Actually I have discovered that my concern was slightly misplaced because it turns out that, although the material on which the speech is written is described as “the goatskin”, in fact it isn’t anything of the sort.  It is just a very superior piece of vellum.  Whew, that’s a relief.  No goat parts are used in relation to the speech. That will certainly remove a problem for the Greens, whose party naturally favours the predominance of vegetables, should they happen to win the next election.

But wait just a minute.  British politics is a thing of twists and turns at the moment and there is another complication to be considered. Just what is “vellum”?

The clue is in the Latin, the derivation from “vitulinum” meaning “made from calf”.  I see. It is a calf then which has sacrificed its skin in vain.  Well, that is worse when you come to think of it. The goat, had there been one, might have enjoyed a long and happy life browsing the countryside before making its contribution to society, whereas a calf has hardly had time for more than a nibble or two. It is like charging students tuition fees.

It isn’t just calves, however, who have to make a sacrifice to assist in the legislative process.  Since the days of Edward III, the speaker of the House of Lords has sat on the Woolsack.  Until 2006, he was also the Lord Chancellor, head of the judiciary so you can see why he felt entitled to lounge about on a giant cushion like a neo-Caesar.  His dignity was a matter of national importance and the country naturally expected its sheep to make a contribution to it.  But did they?  In 1938 the Woolsack was opened and the stuffing was examined.  Actually, it wasn’t wool at all but horsehair and, although the horsehair was then replaced with wool from all over the Commonwealth, you wonder for how long sheep had been getting credit for a contribution being made by their equine brothers and sisters. And there are more material rewards too.  In truth it should be horses which can be driven over London Bridge by Freemen of the City.

Still, today’s issue is the goatskin.  Why should Her Majesty read from it rather than from an ordinary piece of paper? After all Parliament has just given up the practice of recording all acts on vellum.  Isn’t pencil and paper a more practical approach?

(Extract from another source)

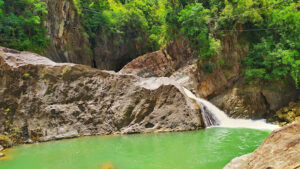 2560 bayokbok falls 300x169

The answers to this lie in freedom of information.  Not the Freedom of Information Act, which is a mere subdivision of the more general subject, but the general right of an Englishman or Englishwoman to read the laws by which the country is governed.  Most of us, in our youth, used that immortal falsehood “the dog ate my homework.” The official equivalent is that “those papers no longer exist”.  If something is written on vellum, there can be no nonsense about the paper having rotted and, anyway, there is presumably a dog-free vellum storeroom in which it is carefully maintained.  Alright, no one may be able to work out what an old act of parliament said any more but at least they will able to read the Queen’s Speech.  That will give future generations some idea of what was going on in 2017.

But such certainty comes at a price and it is been suggested that that price is delay.  Some commentators have suggested that one of the things delaying the Queen’s Speech is not indecision by the Government but the time Ink takes to dry on the goatskin.  That sounds like piffle, probably because it clearly is.  Can it really be the case that the speech has to be inscribed in an unalterable form several days before it is delivered? What happens if the government has a change of heart?  In any case it is the ink that has to dry and not the skin and, as one distinguished vellum maker has been quick to point out, different inks dry at different rates.  If you saw Mrs May in Smythsons ordering some especially slow drying ink you should have deduced that her deal with the DUP was still not quite in place.

Ink, you will be relieved to hear, does not come from animals at all. It is mainly made up of berries.  Nonetheless in 21st century Britain all groups must be properly represented.  Whether or not there has been a waste of berries has not been revealed but it is certainly a wicked betrayal of the sacrifice made by the nation’s flora to blame it for delays which are far more likely to be the result of uncertainty by the government about its policy.